_Instructions for the task_. Make an exact copy, from the records below, of the lines from the line containing "Home Box Natura" to the line containing "Time to replace", both lines included, excluding pictures.

_Material for this task_.
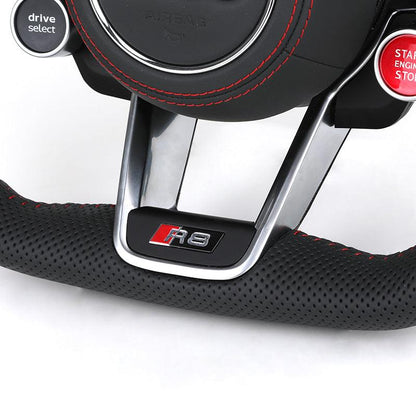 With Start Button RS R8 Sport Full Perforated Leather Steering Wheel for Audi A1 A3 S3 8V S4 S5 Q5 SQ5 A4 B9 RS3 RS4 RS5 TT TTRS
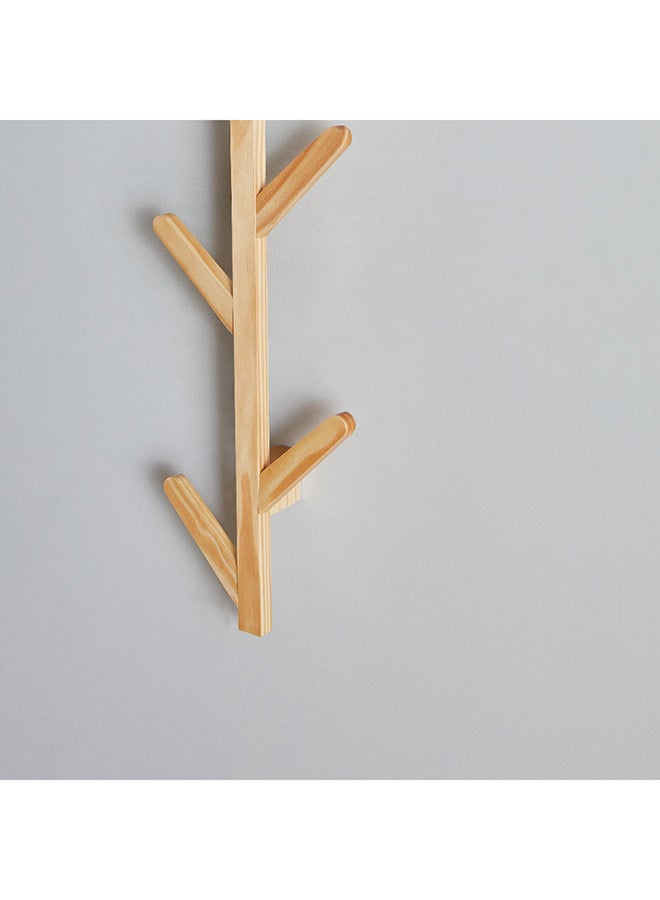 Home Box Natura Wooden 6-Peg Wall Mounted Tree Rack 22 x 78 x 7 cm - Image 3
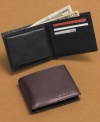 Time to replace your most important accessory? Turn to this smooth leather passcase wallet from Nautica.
---
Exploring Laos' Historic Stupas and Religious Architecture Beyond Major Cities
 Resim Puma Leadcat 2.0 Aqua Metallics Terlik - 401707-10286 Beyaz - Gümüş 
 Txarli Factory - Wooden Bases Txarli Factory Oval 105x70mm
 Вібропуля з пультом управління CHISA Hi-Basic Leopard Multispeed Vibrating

_Finished exercise_.
 Home Box Natura Wooden 6-Peg Wall Mounted Tree Rack 22 x 78 x 7 cm - Image 3
 Time to replace your most important accessory? Turn to this smooth leather passcase wallet from Nautica.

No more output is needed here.